Philip Jones Griffiths, Anti-nuclear Demonstration,
New York, (1980),
black and white photograph
During his forty-year career - thirty of them with the prestigious co-op agency Magnum - Welsh photojournalist and humanist Philip Jones Griffiths covered events in more than 140 countries. More than one hundred of his striking photographs were selected by Curatorial Assistance, Los Angeles, for the circulating exhibition "Dark Odyssey".
This unforgettable body of images communicates Griffiths' awareness of the social and political forces that motivate war, famine and civil unrest as well as their consequences. His images appear to be populated with archetypes of good and evil: monsters and their victims, aggressive warriors and gentle villagers, or urban and environmental destruction and the people who must live in such conditions of tragedy. Yet his captions add a degree of compelling ambiguity, making his photographs more true to the ironies and entanglements of life itself than to dichotomies.

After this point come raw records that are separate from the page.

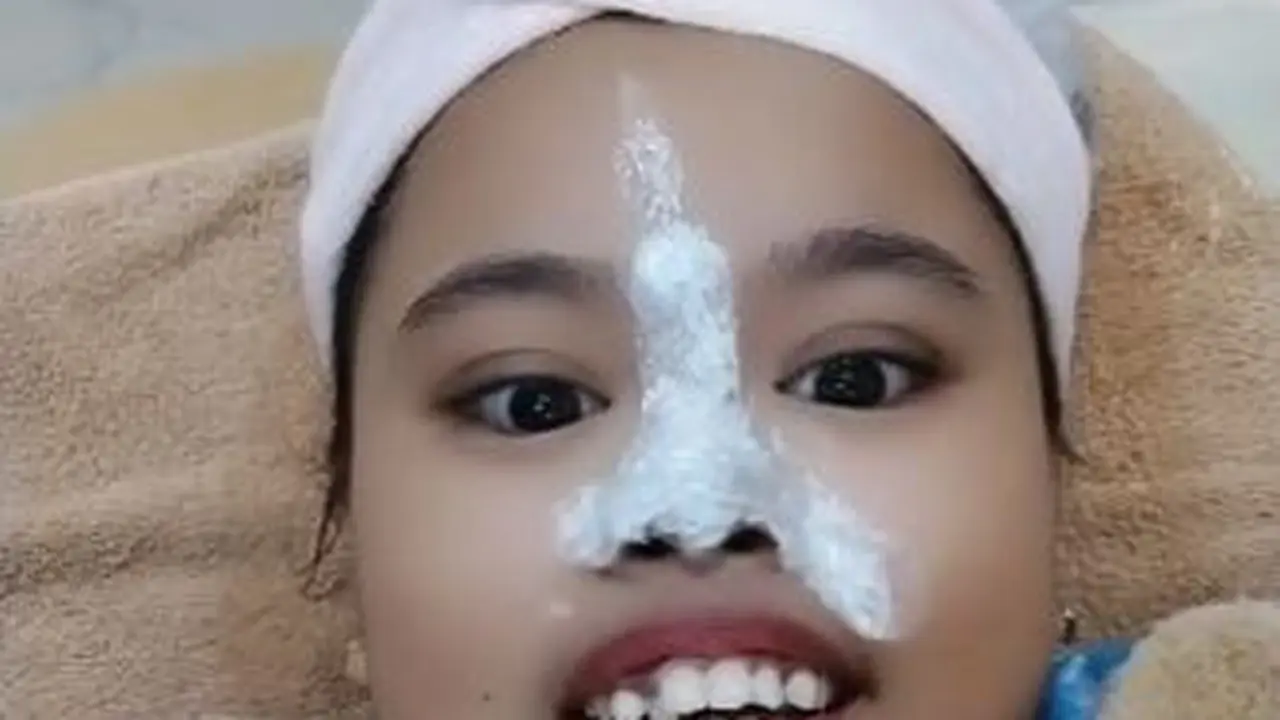 6 Potret Terbaru Kekeyi Setelah Filler Hidung, Tampil Beda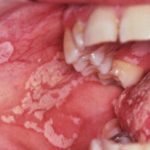 oral thrush developing
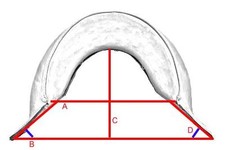 Kopfeisen für baumloser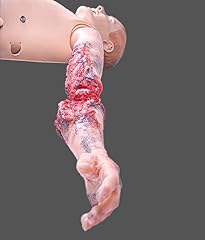 Incomplete arm amputation for sale  Delivered anywhere in USA 
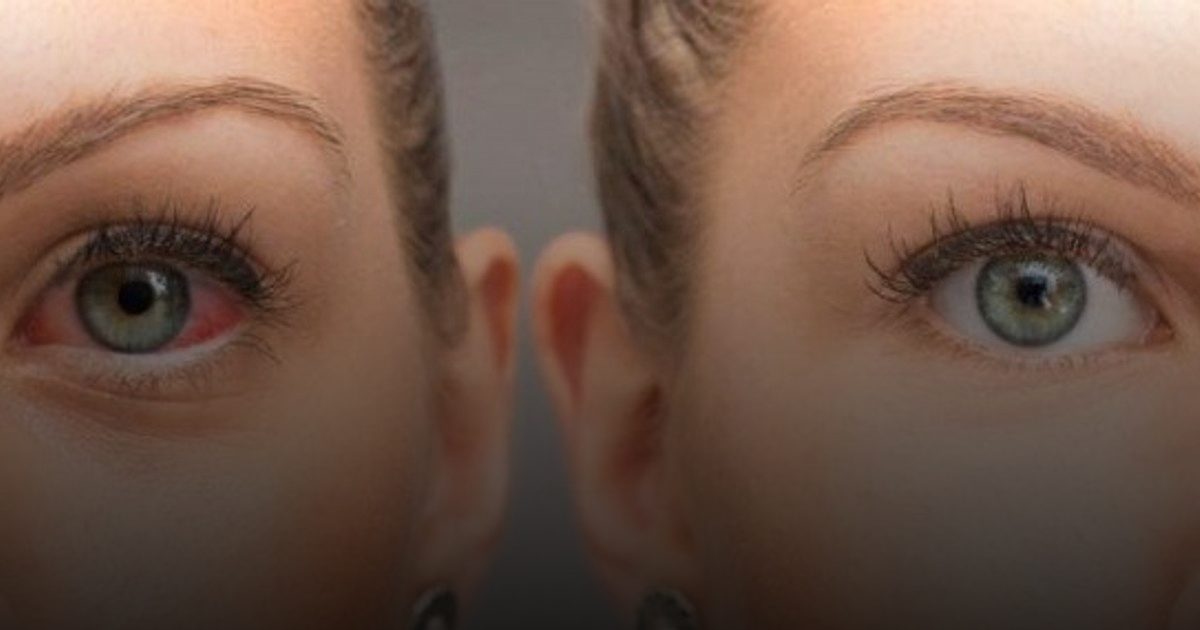 تحذير طبي: متلازمة "شوجرن" الأكثر شيوعاً بين المناعة الذاتية... والكشف المبكر يمنع الأورام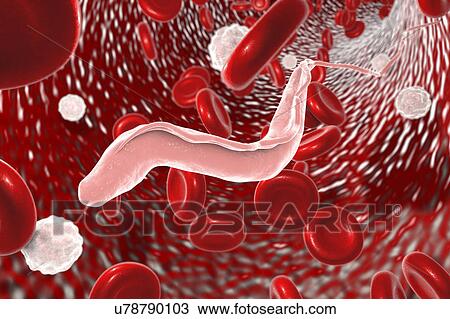 Sleeping sickness. Computer illustration of a trypanosome (Trypanosoma brucei) moving past human red blood cells in the blood. This protozoan is the cause of sleeping sickness (African trypanosomiasis). It is a vector-borne parasite transmitted by... View Large Photo Image Stock Image - Sleeping sickness. Computer illustration of a trypanosome (Trypanosoma brucei) moving past human red blood cells in the blood. This protozoan is the cause of sleeping sickness (African trypanosomiasis). It is a vector-borne parasite transmitted by.... Fotosearch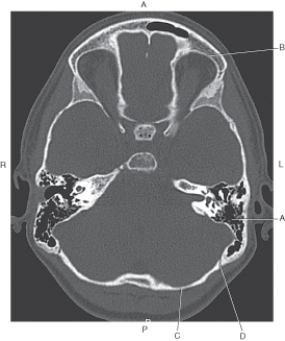 Refer to the figure below of an axial CT of the cranium.    -Which arrow points to the lambdoidal suture? A)  A B)  B C)  C D)  D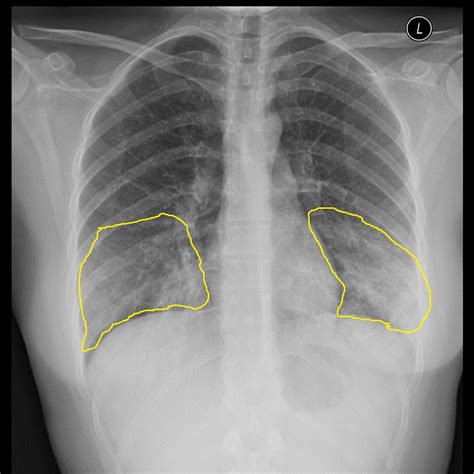 Q fever differential diagnosis - wikidoc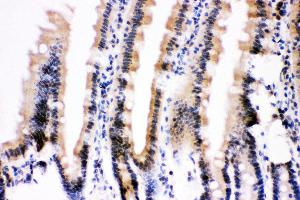 Anti- Ubiquitin Picoband antibody, IHC(P) IHC(P): Mouse Intestine Tissue (Ubiquitin B antibody  (AA 77-152))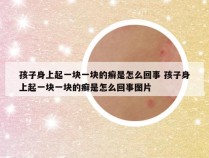 孩子身上起一块一块的癣是怎么回事 孩子身上起一块一块的癣是怎么回事图片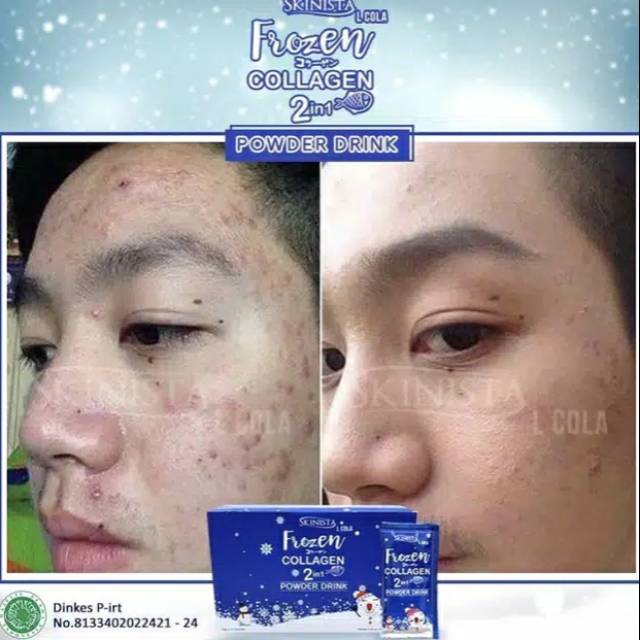 READY [BPOM] Frozen Collagen Powder Drink By Skinista / Frozen Collagen Original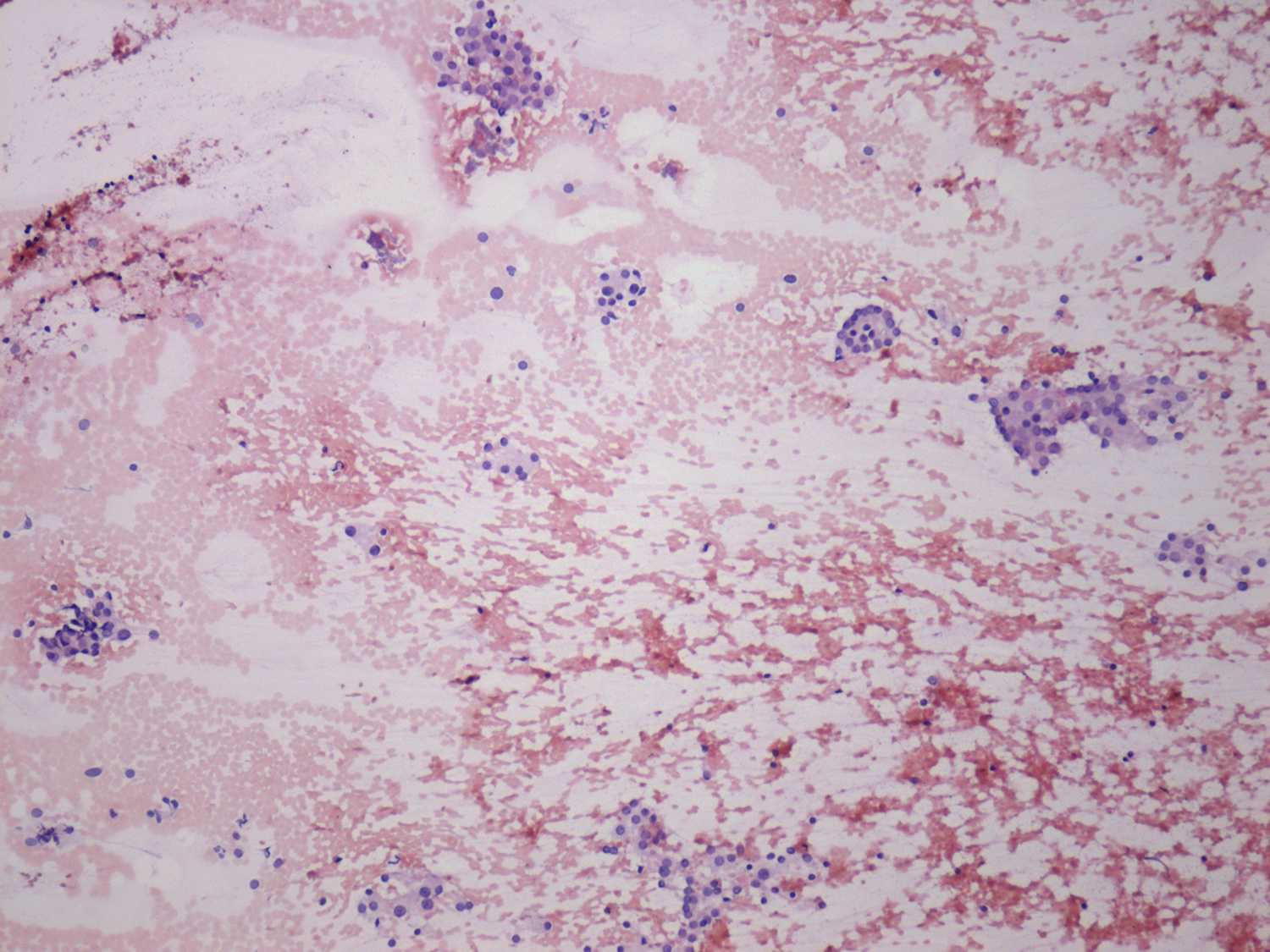 Right lobe, longitudinal scan
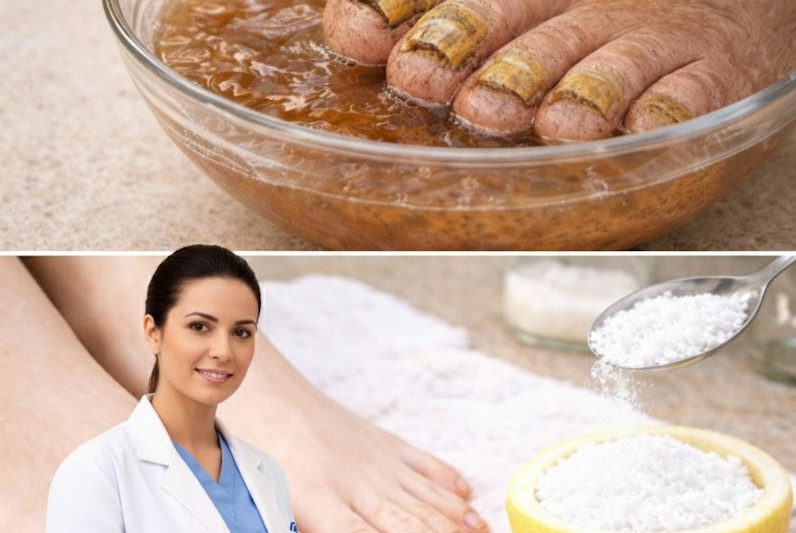 Limão nos Pés: Uma Alternativa Natural que Muitas Pessoas Estão Testando Contra Fungos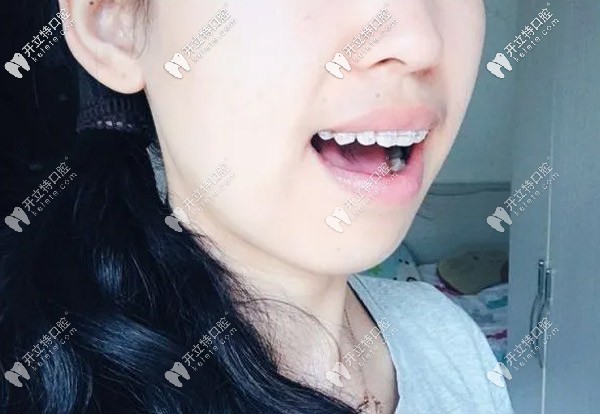 刚出医院门口托槽就掉了 刚出医院门口托槽就掉了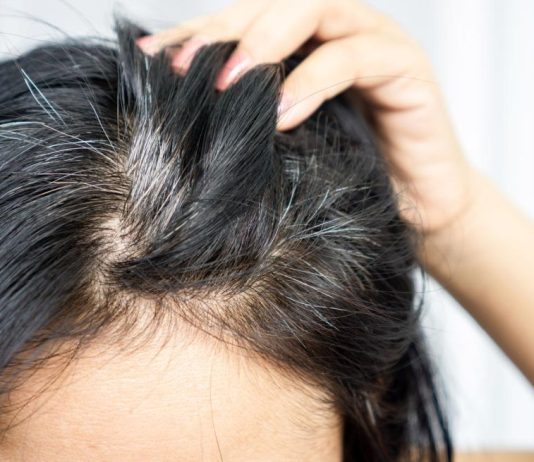 Prekrijte sijede bez farbanja: Jedan sastojak iz kuhinje ima fantastičan efekat Prekrijte sijede bez farbanja: Jedan sastojak iz kuhinje ima fantastičan efekat - featured image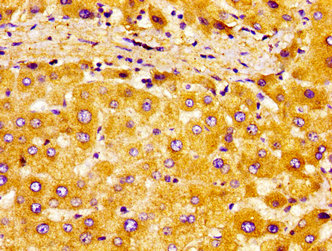 CSB-PA016058LA01HU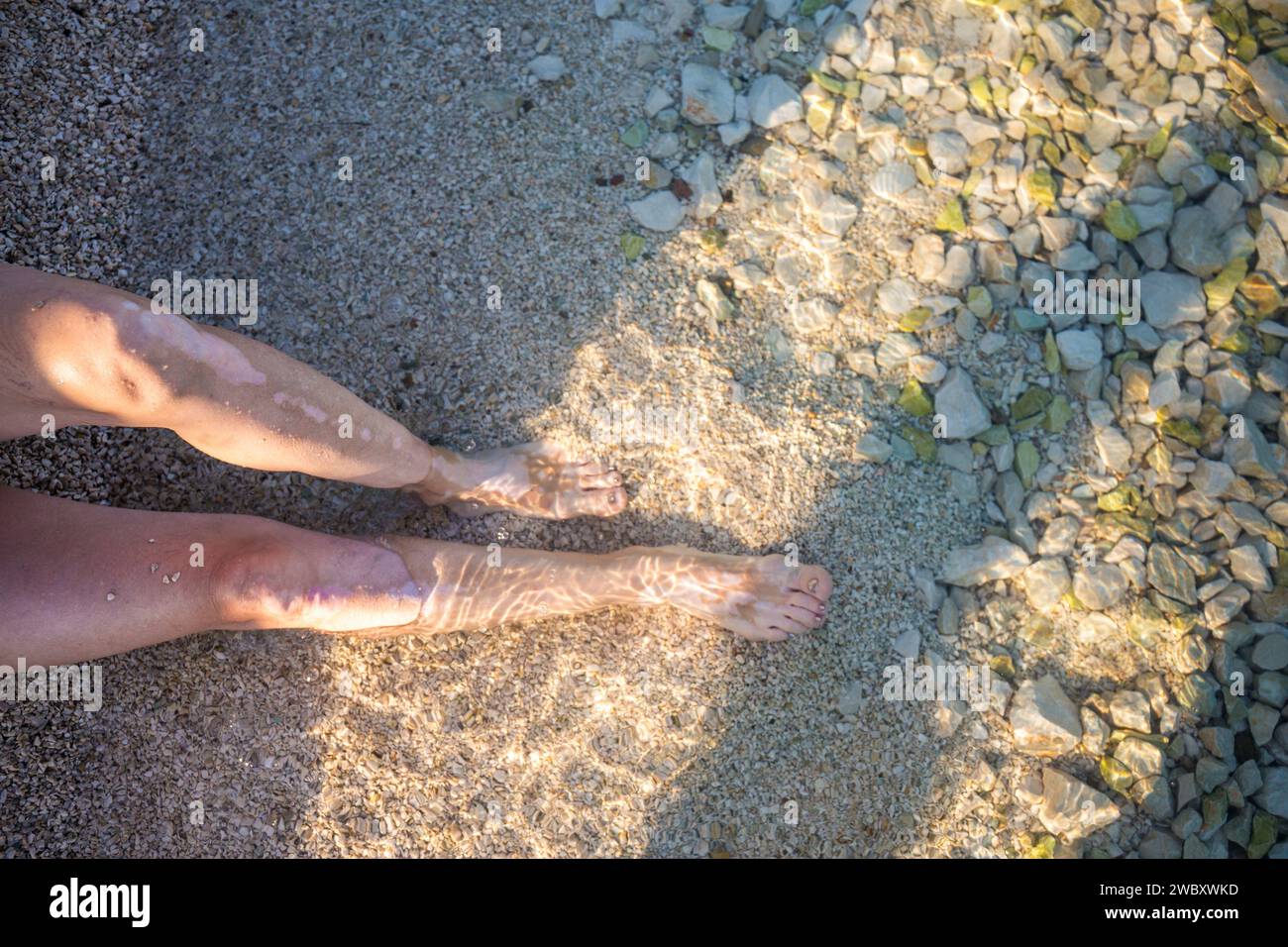 Frauenbeine mit Vitiligo-Pigmentierung Stockfoto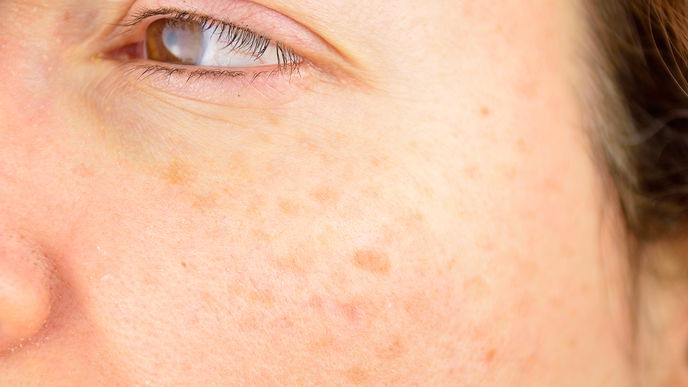 Altersflecken: Ursachen und richtige Behandlung der Haut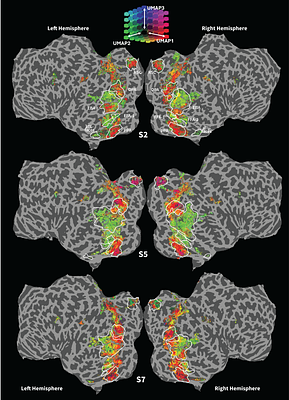 Meta-learning In-Context Enables Training-Free Cross Subject Brain Decoding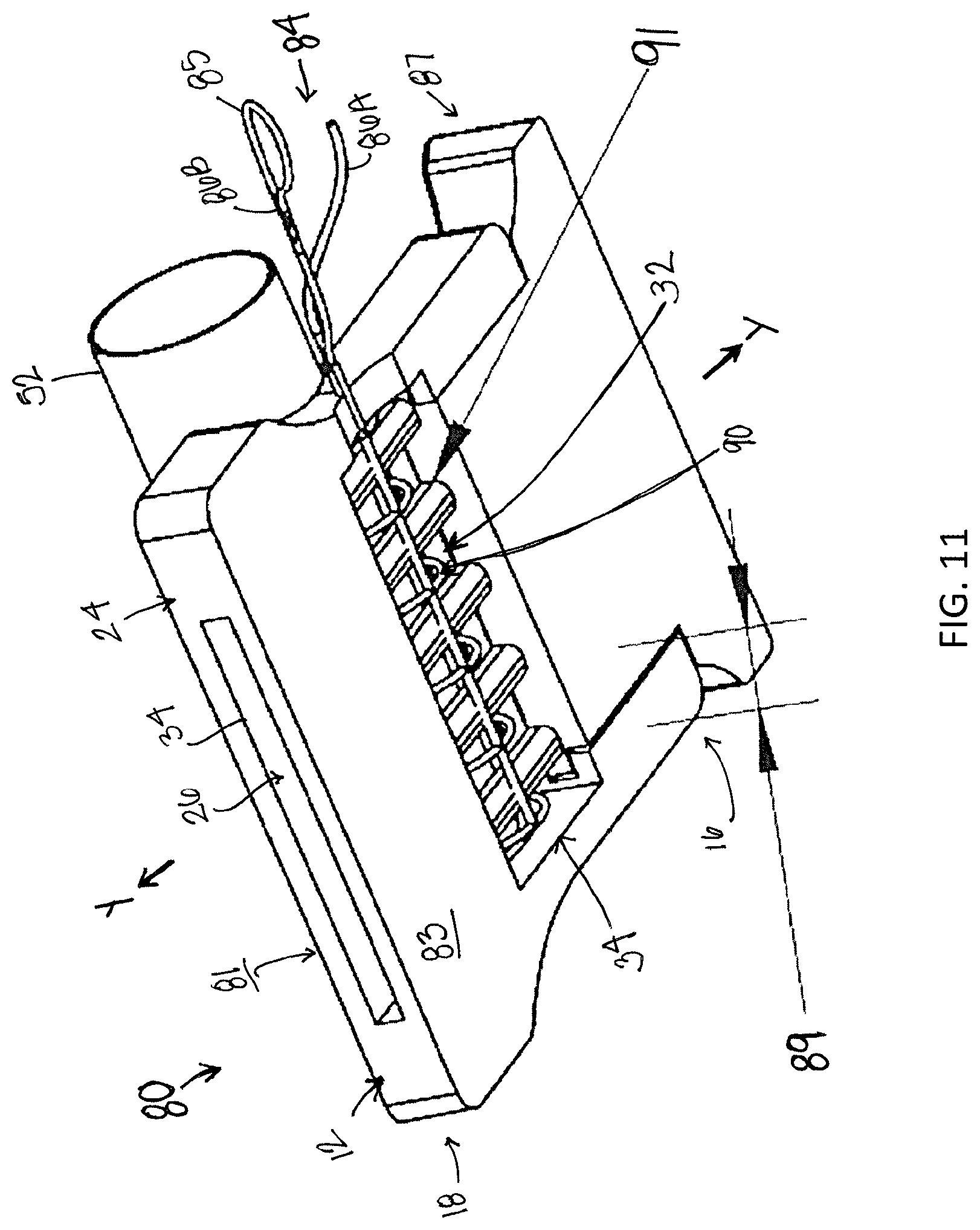Patent US12310838 Figure 11 – System and method for preparing a soft tissue graft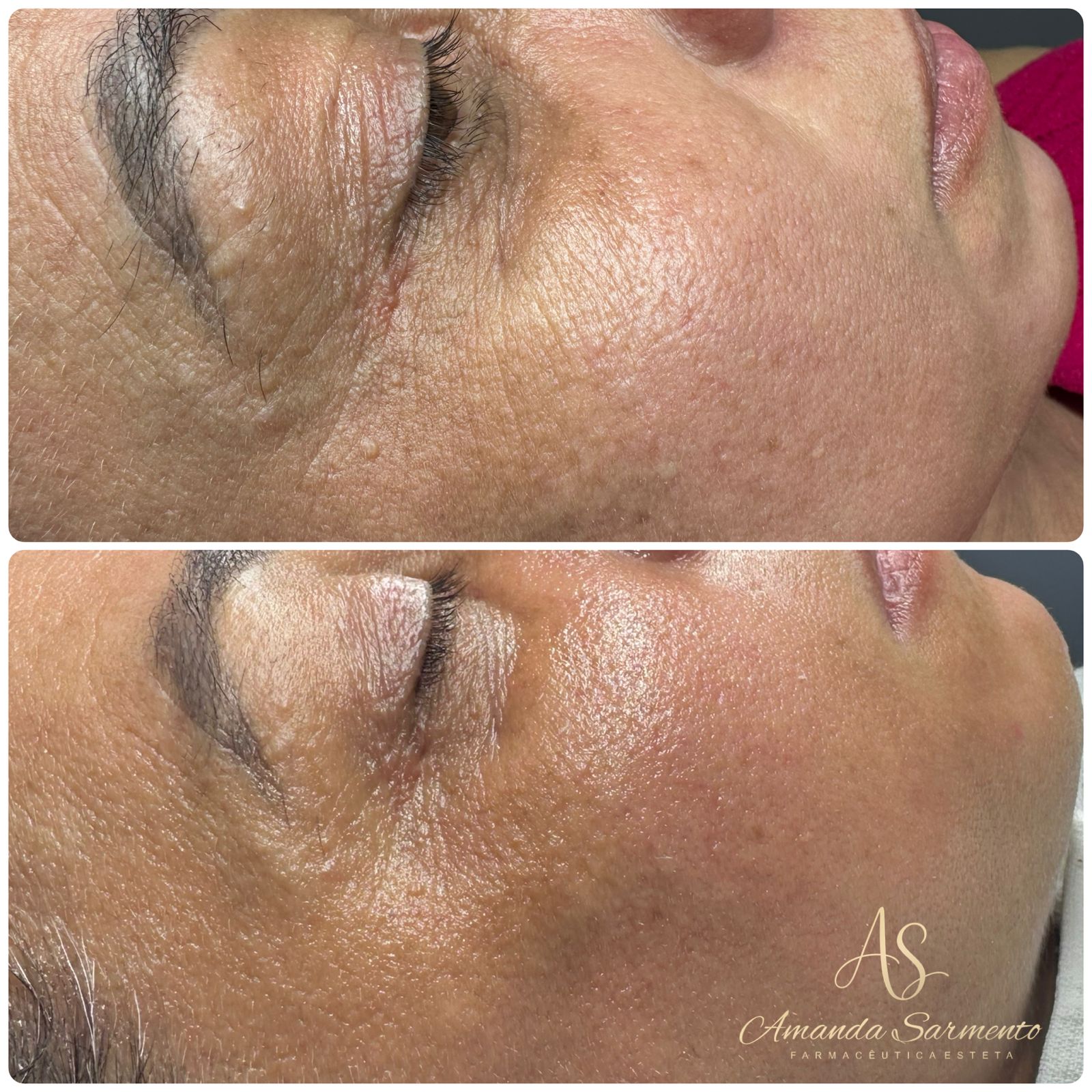 Resultado 3: antes e depois de limpeza de pele com peeling coreano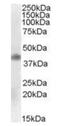 Meis Homeobox 1 antibody, orb20103, Biorbyt, Western Blot image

Jones Griffiths is adamant about photographic honesty and he prints with as little manipulation as possible. As he puts it, "The ability to cheat denies photography the one good thing it's got going for it: veracity." In a decade of image-processing software, sophisticated printing techniques and the impoverishment of high-art content, his dead-ahead photographs are startling in their frankness and immediacy.